Jackson County is known for its small-town charm and early contributions as an iron town. When the Great Depression struck the county, former President Franklin Roosevelt’s Works Progress Administration, through the New Deal, provided grants to the city, a portion of which funded the construction of the historic Memorial Building.
On Dec. 23, 2025, the 90-year-old building located at 145 Broadway Street, was torn down due to aging infrastructure.
The building’s original construction cost $25,000, which today is close to $587,000. The City of Jackson and the American Legion contributed additional funds for the WPA to construct the Memorial Building for both city and legion offices.

“The construction utilized unemployed skilled laborers, and local materials were used to keep costs down,” according to the Lillian E. Jones Museum, where over 140 years of Jackson County history is stored.
In 1903, the Memorial Building was the proposed site of the Carnegie Library. Industrialist and Steel Baron Andrew Carnegie offered $10,000 for construction, but the project fell through when Carnegie’s terms were not met.
The Memorial Building was constructed in 1936 to be a gymnasium for community use. The WPA assisted in its development.

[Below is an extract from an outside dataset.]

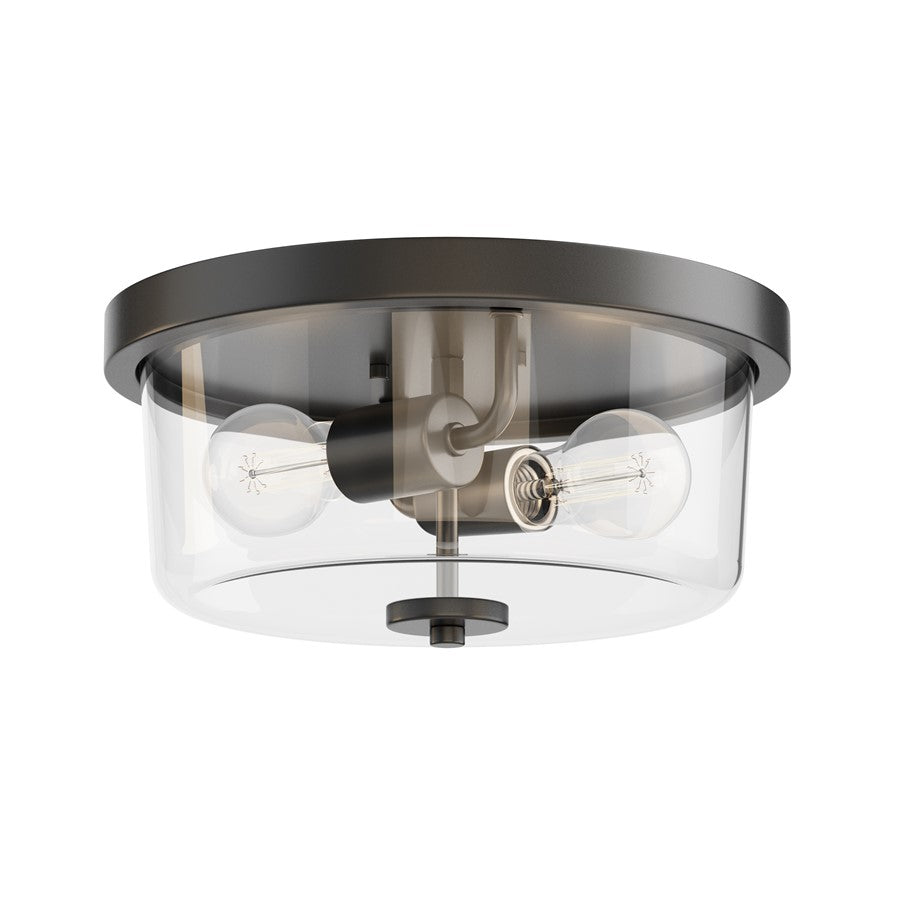 Maxim Lighting Fuller 2 Light 5.5" Flush Mount, Black/Clear - 5691CLBK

The Service Committee of the Jackson City Council met on June 23, 2025, and discussed the Memorial Building renovation project.
Mayor Randy Evans said the former city administration had completed a “feasibility study” 11 years before to assess the structure’s potential for restoration. However, the city didn’t have the proper funding to make structural changes at the time.
Traci Plants, lead project manager and executive assistant to Evans, said the city was aware of the problems within the Memorial Building, which struggled to meet health and safety codes.
“It was very inaccessible currently [in] its state, and as the city, that was really our first goal when we set out on this project, was to more or less save and make [the building] useful again,” Plants says.
In Sept. 2024, Ohio House Representative Jason Stephens met with public officials in Jackson County and allocated $2.5 million to demolish the building. Ryan Peters, chair of the service committee, expressed his view on the plans for the site.
“If we can’t save the building, then it is good to try to make it look the same,” he says, according to the service committee meeting minutes.
Jackson County’s new City Hall building will be constructed on the same site as the previous Memorial Building. Contractors plan to reuse some of the limestone from it in the construction of the new building.
Plants noted the City Hall is expected to stand for several generations.
“It’s safe, it’s accessible, it’s up to code, but yet, by incorporating the limestone on the front of it, we’re really able to kind of, give a nod to the past and keep a little bit of that heritage of the WPA project of how it did first start,” Plants says.
Ashley Aldrich, director of the Lillian E. Jones History Museum, said Jackson residents have expressed sadness, nostalgia and frustration to see the loss of the historic building.
“For pretty much everyone who has lived here since it was built, they had all been in the (Memorial Building) for something,” Aldrich says. “You play basketball there, you pay your utility bill there. It was really a community fixture.”
Aldrich says the museum was able to attain one of the yellow limestone bricks. She noted the architectural style for government buildings was popular in the 1930s.
She was able to go inside the Memorial Building before its demolition to capture photos of the architectural details like tile and wood flooring.
“I was really lucky, and [am] lucky to have such a good relationship with the city officials, and so they let me go in with a camera, [to] basically photograph every square inch of the building,” Aldrich says.
The City of Jackson will be able to move into the new City Hall building on the same site as the previous Memorial Building, should the project be on time, in April 2027.